Мусатов приобщался к новому течению, знакомясь с произведениями художников этой блестящей плеяды. В круг его впечатлений входили обаяние юности, свежесть и чистота цвета «Девочки с персиками», новаторская живопись «Девушки, освещенной солнцем», где мазок казался трепетным, а свет, заливая всю картину, делал тени синими и прозрачными, пейзажи и жанры К.Коровина, с чутко уловленными художником градациями цвета, образная ясность и мягкая поэтичность бытовых сцен Архипова, «Пустынник» и «Видение отроку Варфоломею» Нестерова с их слиянием человека и природы, чисто русской лиричной мелодией и музыкальными ритмами»10— это наблюдение искусствоведа А.Русаковой примем как справедливое.

Однако форма формою, но неужели содержание увиденного не увлекало его за собою? Без сомнения, начиная жизнь в искусстве, он не мог не следовать в чём-то за теми же передвижниками, потом за импрессионистами, но в зрелый период Борисов-Мусатов шёл своим путем, в одиночестве. Следует признать правоту многих — и современников художника, и позднейших исследователей: в русской живописи Борисов-Мусатов совсем одинок. Эта мысль не будет казаться излишне категоричной и неприемлемой, если понятие «одиночество» заменить синонимичным ему в данном случае «своеобразием». Итак: Борисов-Мусатов в русском искусстве исключительно своеобразен. Так, пожалуй, звучит более привлекательно.

Но тут неизбежен вопрос: в чём же своеобразие его жизни в искусстве? Собственно, вся книга и является попыткой осмысления этого вопроса. Попытаемся обозреть проблему в целом — пока лишь в первом приближении.

Можно бы сказать о Борисове-Мусатове коротко — вслед за К.Петровым-Водкиным (он для нас здесь авторитет бесспорный): «Художник колоссальных данных в цветопонимании»11. Или вместе с биографом Н.Н.Врангелем: «Поэт цветовых грез»12.

«Краскам он поклонялся»13,— свидетельствует один из близких друзей художника, его первый биограф Вл. Станюкович.

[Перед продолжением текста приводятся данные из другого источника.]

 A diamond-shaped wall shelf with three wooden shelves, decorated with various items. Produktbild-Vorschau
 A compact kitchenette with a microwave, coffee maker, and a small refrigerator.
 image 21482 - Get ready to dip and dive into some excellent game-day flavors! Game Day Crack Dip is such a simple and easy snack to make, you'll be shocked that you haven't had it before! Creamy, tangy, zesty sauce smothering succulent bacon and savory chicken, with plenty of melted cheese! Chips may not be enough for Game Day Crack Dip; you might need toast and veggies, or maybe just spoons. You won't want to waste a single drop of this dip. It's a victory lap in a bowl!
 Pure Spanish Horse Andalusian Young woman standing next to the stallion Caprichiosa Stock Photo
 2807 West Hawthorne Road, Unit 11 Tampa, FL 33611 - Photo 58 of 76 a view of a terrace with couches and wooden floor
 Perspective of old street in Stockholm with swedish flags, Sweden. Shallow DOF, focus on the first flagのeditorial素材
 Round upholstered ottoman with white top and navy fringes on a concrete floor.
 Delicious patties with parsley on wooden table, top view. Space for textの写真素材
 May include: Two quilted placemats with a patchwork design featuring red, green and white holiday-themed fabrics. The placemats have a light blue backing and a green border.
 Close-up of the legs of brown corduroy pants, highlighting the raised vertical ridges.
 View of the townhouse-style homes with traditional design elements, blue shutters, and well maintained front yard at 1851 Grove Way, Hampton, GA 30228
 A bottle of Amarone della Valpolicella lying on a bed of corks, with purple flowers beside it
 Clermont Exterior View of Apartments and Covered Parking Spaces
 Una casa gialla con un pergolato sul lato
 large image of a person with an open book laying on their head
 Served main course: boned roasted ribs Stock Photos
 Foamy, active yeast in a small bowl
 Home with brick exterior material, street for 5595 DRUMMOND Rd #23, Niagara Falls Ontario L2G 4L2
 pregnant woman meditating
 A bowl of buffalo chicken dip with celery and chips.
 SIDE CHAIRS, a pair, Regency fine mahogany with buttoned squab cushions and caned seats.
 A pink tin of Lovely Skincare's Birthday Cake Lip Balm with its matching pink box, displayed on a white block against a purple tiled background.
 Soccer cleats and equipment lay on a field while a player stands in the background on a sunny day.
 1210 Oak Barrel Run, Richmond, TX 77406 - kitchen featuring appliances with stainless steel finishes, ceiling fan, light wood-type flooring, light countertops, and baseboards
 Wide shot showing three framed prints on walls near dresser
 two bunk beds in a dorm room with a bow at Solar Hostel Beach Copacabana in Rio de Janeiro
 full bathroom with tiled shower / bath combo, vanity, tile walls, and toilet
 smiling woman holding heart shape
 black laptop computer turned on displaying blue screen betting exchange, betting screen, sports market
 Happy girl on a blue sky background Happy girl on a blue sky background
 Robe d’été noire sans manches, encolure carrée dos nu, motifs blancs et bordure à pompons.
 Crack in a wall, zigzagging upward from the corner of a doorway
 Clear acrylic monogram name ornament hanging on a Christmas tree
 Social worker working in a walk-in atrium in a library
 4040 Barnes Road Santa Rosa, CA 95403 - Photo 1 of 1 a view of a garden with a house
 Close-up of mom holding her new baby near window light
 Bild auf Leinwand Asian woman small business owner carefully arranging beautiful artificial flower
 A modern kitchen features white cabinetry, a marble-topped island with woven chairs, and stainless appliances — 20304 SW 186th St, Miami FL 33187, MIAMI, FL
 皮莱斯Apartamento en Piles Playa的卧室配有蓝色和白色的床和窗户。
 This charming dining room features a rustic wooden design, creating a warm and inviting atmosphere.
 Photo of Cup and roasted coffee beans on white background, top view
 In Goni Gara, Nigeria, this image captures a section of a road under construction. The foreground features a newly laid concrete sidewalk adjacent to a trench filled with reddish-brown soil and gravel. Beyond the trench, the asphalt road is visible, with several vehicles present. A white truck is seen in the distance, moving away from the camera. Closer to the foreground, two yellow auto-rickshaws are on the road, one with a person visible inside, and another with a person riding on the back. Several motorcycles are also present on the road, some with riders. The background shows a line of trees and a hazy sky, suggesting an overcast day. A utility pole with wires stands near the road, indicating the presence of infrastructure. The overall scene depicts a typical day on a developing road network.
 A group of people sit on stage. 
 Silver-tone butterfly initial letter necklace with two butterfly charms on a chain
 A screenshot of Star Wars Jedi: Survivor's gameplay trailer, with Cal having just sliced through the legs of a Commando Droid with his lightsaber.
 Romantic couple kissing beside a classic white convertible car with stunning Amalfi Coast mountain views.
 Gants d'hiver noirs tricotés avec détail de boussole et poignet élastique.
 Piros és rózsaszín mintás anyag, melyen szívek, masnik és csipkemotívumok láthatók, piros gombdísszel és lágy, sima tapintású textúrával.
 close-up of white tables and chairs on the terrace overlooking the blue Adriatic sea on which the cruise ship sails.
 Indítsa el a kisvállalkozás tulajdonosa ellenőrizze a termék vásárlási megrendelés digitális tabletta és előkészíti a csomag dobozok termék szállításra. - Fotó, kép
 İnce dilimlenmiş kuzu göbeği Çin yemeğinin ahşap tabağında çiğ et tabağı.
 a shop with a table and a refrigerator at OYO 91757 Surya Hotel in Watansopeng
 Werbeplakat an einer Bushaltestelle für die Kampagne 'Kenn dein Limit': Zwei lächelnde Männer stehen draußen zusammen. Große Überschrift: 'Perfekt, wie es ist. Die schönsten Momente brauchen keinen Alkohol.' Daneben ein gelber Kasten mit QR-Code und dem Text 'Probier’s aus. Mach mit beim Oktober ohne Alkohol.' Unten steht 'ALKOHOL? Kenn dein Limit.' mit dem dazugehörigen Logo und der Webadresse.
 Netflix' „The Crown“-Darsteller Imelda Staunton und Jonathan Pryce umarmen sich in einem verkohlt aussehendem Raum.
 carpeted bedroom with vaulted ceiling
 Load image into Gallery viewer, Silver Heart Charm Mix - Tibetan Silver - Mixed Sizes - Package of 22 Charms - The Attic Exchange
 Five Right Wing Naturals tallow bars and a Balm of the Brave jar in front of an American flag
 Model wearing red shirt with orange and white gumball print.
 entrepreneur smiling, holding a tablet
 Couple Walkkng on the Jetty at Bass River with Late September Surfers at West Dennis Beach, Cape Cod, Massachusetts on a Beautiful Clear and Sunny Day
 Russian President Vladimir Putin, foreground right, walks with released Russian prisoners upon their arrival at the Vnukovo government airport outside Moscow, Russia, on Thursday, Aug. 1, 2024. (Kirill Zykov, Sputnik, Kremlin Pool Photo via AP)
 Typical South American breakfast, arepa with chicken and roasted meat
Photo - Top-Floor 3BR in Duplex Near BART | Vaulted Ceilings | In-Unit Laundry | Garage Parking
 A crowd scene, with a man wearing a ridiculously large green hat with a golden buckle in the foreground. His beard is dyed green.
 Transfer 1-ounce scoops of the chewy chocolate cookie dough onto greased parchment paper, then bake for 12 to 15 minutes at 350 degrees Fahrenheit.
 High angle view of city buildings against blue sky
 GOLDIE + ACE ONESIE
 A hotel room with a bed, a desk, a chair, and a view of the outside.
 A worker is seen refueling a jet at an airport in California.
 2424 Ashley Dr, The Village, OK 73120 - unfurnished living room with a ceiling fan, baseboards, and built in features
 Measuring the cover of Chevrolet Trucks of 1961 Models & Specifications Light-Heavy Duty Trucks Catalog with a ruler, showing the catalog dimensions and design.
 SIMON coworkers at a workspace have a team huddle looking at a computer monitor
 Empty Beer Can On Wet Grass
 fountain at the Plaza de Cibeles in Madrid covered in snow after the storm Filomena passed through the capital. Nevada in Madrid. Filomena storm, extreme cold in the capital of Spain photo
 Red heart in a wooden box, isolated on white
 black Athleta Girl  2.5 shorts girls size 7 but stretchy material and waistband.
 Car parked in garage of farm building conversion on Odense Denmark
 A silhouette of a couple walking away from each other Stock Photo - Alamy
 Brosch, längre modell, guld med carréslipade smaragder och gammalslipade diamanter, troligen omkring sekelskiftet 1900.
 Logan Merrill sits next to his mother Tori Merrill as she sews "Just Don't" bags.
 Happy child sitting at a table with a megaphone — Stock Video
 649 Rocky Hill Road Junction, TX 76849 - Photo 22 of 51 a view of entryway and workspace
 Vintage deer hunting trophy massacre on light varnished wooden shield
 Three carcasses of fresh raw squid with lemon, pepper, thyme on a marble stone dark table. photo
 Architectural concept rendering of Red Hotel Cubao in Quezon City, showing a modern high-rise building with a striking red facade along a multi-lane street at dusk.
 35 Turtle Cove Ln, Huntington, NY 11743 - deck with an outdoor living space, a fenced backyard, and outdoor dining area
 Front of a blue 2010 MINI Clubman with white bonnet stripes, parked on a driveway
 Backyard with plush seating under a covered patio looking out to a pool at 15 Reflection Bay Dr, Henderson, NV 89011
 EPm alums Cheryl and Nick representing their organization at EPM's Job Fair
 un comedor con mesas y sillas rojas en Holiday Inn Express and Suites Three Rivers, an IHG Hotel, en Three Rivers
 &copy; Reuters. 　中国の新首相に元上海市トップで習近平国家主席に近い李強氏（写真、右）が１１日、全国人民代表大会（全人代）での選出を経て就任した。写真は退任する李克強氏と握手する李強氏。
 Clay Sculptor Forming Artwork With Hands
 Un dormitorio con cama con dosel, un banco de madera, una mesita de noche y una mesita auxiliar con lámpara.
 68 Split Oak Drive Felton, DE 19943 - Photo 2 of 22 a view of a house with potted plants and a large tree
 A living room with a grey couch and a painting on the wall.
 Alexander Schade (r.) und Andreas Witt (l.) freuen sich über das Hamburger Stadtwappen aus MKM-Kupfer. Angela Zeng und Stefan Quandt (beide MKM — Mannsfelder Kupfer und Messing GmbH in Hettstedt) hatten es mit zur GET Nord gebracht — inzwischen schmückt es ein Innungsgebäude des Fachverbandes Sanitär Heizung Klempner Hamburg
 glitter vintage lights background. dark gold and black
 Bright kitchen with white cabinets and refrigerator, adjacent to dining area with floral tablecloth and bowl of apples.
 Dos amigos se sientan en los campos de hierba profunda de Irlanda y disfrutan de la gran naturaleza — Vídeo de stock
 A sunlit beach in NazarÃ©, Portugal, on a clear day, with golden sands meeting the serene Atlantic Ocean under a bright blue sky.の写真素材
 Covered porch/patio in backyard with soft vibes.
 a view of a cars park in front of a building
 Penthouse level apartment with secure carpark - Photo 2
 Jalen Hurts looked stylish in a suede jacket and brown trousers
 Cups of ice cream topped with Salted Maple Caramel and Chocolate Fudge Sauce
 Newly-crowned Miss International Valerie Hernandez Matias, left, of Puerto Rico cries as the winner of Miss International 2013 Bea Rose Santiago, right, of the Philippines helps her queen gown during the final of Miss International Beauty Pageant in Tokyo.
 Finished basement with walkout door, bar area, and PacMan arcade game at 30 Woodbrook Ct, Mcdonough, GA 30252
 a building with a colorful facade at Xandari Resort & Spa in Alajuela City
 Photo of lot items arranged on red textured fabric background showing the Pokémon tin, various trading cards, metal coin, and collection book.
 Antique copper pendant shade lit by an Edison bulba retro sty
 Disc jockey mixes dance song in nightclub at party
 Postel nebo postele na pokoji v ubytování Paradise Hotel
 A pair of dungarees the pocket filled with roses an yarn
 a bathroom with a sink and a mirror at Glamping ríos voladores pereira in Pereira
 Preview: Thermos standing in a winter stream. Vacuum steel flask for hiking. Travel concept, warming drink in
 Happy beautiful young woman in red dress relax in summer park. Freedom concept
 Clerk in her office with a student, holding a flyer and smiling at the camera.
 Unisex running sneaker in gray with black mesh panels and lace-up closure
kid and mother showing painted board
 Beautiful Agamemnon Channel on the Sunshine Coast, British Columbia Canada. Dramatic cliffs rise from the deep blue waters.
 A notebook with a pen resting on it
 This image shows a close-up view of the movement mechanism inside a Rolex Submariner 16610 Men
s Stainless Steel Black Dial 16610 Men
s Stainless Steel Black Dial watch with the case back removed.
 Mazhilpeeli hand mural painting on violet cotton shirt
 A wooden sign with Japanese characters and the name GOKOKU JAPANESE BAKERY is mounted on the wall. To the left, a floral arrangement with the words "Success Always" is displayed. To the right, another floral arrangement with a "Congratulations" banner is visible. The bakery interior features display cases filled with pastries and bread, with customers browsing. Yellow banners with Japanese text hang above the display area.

Всё это, бесспорно, верно, но мало ещё что объясняет — и может стать лишь исходным моментом наших размышлений. Помогает глубже понять проблему одно несколько странное на первый взгляд высказывание П.П.Чистякова: «Или живопись может органически перестроить человека, или она только эстетическое баловство, которым и заниматься всерьёз не следует»14.